First, realize that Ireland has 2 parts. The southern portion is the Republic of Ireland. It is free and independent and economically healthy, although Brexit poses a great peril, as most of its livelihood comes via commerce with the UK. Northern Ireland, by contrast, is a largely unwilling subjugated country, with deep divides between Protestants and Catholics and between British loyalists and secessionists.
An industrial town, its fates have risen and fallen dramatically. When the industrial revolution came, it rose to prominence as the premier industrial and shipbuilding city. It was here that the Titanic and all the other ships of its era were built. But in World War II, it became the premier target of Nazi bombing. Between that and the centuries of oppression of Catholics by Protestants, it is a brooding, largely unhappy blue collar city.
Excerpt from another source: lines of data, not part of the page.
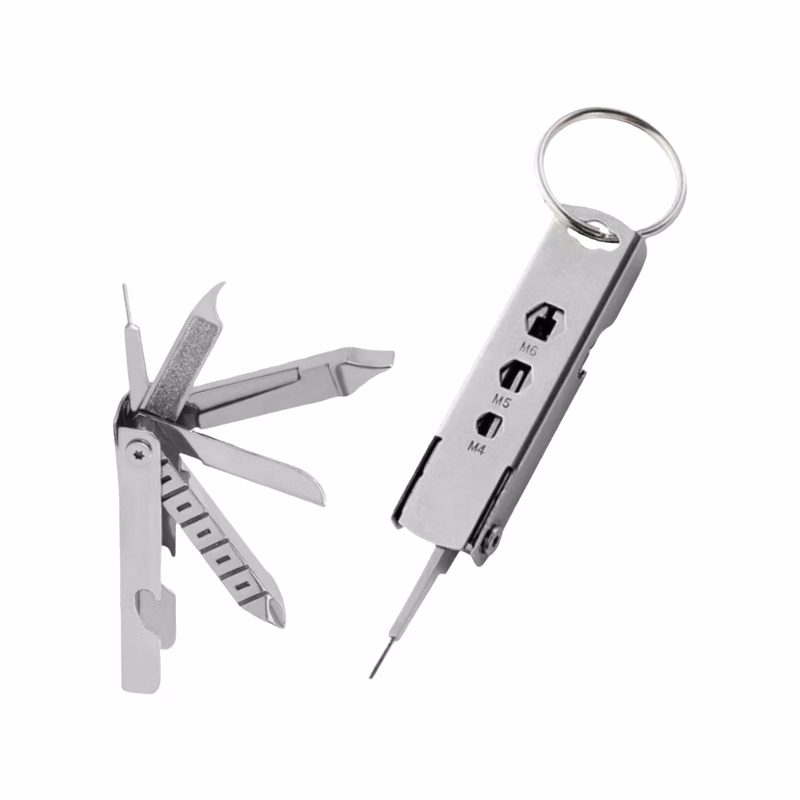 Mini Card Puller Pin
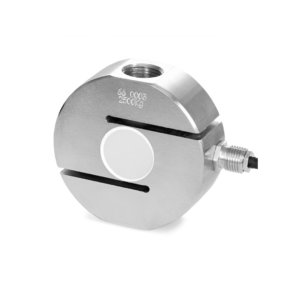 Celda tipo S LAUMAS CTOL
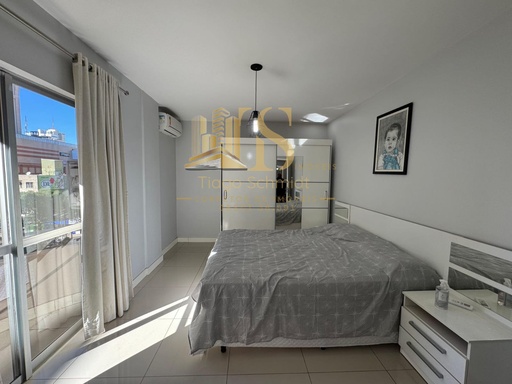 Apartamento de 3 quartos, no bairro Centro, em Passo Fundo | Eu Corretor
Our bus tour gave us the history of the city, and showed where walls were built to separate the wealthy from the “riffraff,” and where the Protestant churches were allowed to be displayed, while the Catholic churches remained largely hidden by law. It ended with one of the best multimedia experiences we have ever witnessed. Titanic Belfast shows, using every multimedia tool possible, exactly how the Titanic was built, provisioned, launched, and sunk.
I suspect there are a great many happy Belfast residents. But the face of the city is one of palpable grim hostility. Bluntly, it still has a chip on its shoulder.